D’autre part, cet argument ne tient pas compte des adventices, les plantes sauvages compagnes des cultures, qui vont être contaminées via le sol (voir ci-dessus) et peuvent attirer les pollinisateurs ; certes, on les combat aussi par des applications d’herbicides ! Par ailleurs, régulièrement, dans les champs de betteraves, on voit des pieds de betterave fleurir dès la première année : l’ancêtre de la betterave cultivée, la betterave maritime sauvage du littoral est annuelle et ce caractère originel peut donc resurgir ce qui pose des problèmes compliqués dans certaines régions proches du littoral (pollution génétique). Certes, les fleurs des betteraves sont réputées être pollinisées par le vent mais on sait aussi qu’elles peuvent être visitées par des insectes pollinisateurs ; de toutes façons, on sait que les pollinisateurs s’intéressent aussi aux fleurs dites anémophiles (voir la chronique sur ce sujet). 
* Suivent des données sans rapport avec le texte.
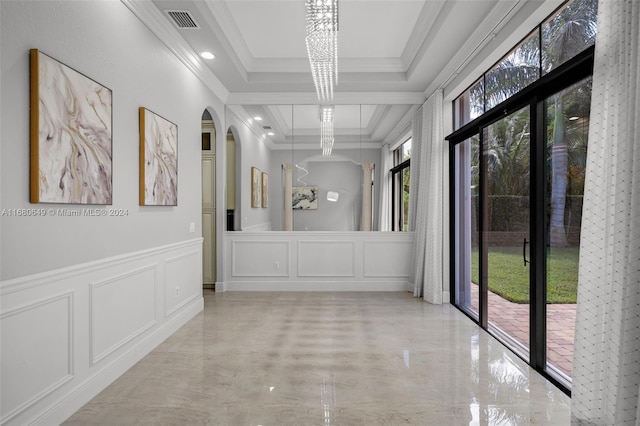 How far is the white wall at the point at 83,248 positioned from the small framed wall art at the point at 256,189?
70.3 inches

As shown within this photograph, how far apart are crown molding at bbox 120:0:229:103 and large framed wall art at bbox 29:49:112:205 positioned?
2.80 ft

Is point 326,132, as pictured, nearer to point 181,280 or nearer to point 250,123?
point 250,123

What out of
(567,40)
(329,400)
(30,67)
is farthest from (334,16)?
(329,400)

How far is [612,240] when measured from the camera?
71.9 inches

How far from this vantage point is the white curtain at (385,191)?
564 cm

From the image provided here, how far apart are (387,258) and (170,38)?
3.98 meters

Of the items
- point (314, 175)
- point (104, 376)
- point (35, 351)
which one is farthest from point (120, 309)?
point (314, 175)

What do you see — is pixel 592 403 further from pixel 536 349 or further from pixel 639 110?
pixel 639 110

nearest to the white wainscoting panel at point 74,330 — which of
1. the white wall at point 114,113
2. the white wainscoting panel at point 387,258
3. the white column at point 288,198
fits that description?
the white wall at point 114,113

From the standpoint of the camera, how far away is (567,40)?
2494 millimetres

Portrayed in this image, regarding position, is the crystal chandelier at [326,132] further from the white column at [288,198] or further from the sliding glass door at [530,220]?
the sliding glass door at [530,220]

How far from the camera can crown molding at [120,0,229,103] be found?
295 cm

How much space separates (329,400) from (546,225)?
196 cm

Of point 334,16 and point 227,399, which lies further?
point 334,16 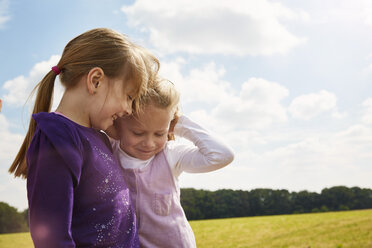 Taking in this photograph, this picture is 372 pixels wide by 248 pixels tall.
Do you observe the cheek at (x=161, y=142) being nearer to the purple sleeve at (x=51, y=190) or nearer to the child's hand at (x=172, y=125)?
the child's hand at (x=172, y=125)

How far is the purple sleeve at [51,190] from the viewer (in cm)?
157

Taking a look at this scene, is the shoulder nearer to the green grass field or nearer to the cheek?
the cheek

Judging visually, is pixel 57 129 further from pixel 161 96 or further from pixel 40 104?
pixel 161 96

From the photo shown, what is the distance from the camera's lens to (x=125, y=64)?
6.62ft

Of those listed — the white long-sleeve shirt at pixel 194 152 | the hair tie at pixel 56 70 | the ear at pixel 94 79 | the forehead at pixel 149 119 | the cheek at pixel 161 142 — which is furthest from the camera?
the white long-sleeve shirt at pixel 194 152

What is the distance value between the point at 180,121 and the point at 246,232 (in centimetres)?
1406

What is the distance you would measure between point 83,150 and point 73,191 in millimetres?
237

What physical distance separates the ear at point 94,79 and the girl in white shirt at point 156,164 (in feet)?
1.55

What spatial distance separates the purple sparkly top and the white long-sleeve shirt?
0.63 m

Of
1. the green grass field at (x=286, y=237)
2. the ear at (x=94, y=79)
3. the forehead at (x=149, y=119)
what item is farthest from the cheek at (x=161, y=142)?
the green grass field at (x=286, y=237)

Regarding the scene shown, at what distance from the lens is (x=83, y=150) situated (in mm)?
1848

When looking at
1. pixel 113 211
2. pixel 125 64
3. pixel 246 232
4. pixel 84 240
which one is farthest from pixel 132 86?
pixel 246 232

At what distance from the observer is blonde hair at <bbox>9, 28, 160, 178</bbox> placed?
198 centimetres

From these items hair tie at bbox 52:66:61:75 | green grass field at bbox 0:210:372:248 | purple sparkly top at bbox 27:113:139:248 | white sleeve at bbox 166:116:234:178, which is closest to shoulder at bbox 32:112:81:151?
purple sparkly top at bbox 27:113:139:248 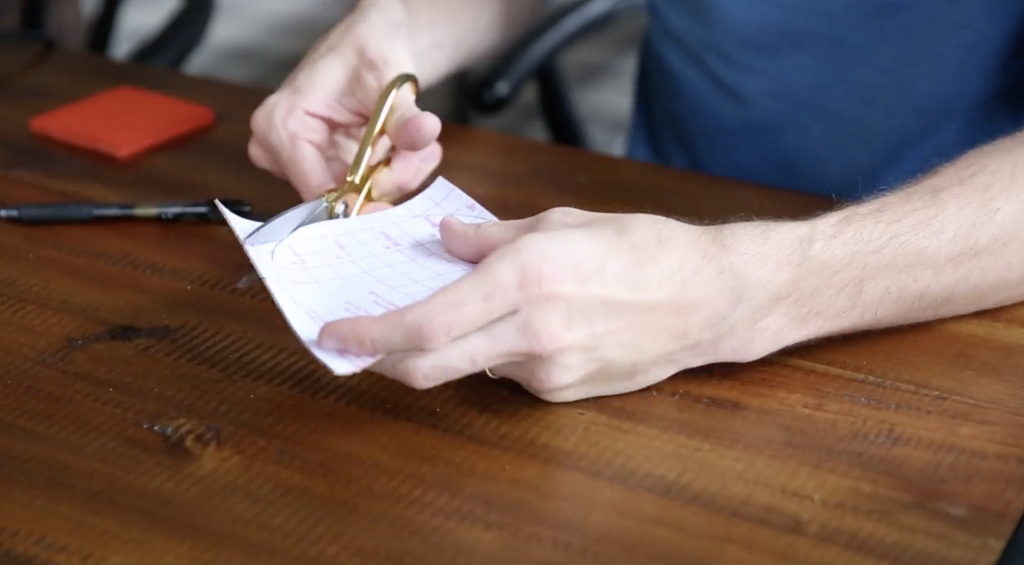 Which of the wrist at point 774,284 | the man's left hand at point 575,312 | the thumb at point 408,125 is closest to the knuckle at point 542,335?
the man's left hand at point 575,312

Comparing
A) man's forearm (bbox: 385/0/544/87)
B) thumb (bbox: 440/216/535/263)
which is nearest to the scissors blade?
thumb (bbox: 440/216/535/263)

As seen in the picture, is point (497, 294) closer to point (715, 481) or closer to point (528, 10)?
point (715, 481)

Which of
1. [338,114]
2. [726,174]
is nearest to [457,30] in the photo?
[338,114]

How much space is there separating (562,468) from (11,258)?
469mm

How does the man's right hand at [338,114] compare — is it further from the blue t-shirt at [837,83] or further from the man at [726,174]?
the blue t-shirt at [837,83]

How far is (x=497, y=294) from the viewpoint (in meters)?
0.61

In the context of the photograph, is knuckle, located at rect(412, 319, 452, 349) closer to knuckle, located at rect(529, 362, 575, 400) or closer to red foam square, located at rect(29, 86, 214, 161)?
knuckle, located at rect(529, 362, 575, 400)

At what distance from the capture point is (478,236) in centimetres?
67

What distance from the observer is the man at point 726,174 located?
63 cm

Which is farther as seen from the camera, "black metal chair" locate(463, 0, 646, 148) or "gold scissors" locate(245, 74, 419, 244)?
"black metal chair" locate(463, 0, 646, 148)

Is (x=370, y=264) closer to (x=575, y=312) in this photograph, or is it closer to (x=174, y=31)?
(x=575, y=312)

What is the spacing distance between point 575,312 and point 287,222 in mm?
229

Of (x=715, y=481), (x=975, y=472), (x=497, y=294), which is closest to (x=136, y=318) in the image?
(x=497, y=294)

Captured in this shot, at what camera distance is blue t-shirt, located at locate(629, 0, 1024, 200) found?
3.17 ft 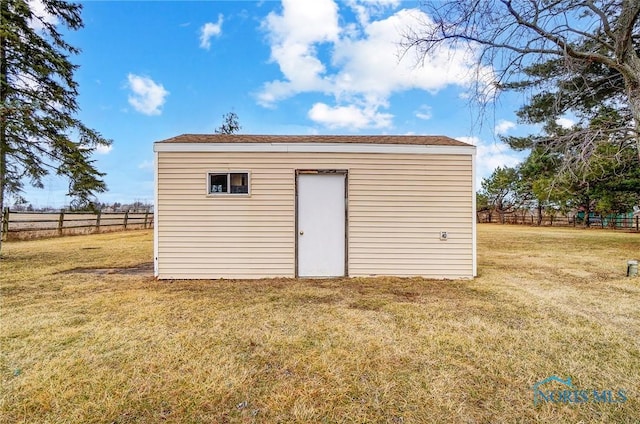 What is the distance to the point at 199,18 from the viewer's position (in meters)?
10.0

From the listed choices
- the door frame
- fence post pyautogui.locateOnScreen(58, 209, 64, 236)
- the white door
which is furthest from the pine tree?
the white door

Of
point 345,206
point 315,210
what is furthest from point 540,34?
point 315,210

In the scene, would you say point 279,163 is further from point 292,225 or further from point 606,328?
point 606,328

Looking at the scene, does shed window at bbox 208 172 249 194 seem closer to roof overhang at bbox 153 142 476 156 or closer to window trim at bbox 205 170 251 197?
window trim at bbox 205 170 251 197

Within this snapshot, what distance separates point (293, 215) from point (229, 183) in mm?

Finalement, on voit bien que les betteraves ne constituent en rien une exception justifiable quant à l’usage des néonicotinoïdes pas plus que « l’absence de toute autre solution » ; en fait, il faudrait dire « absence de toute autre solution pour poursuivre la fuite en avant, droit dans le mur » ! 

Parmi les adventices des champs de betteraves (comme les liserons des haies ici), figurent des plantes attractives pour les pollinisateurs

Bibliographie

Neonicotinoid-Contaminated Puddles of Water Represent a Risk of Intoxication for Honey Bees. Samson-Robert O, Labrie G, Chagnon M, Fournier V (2014) PLoS ONE 9(12): e108443.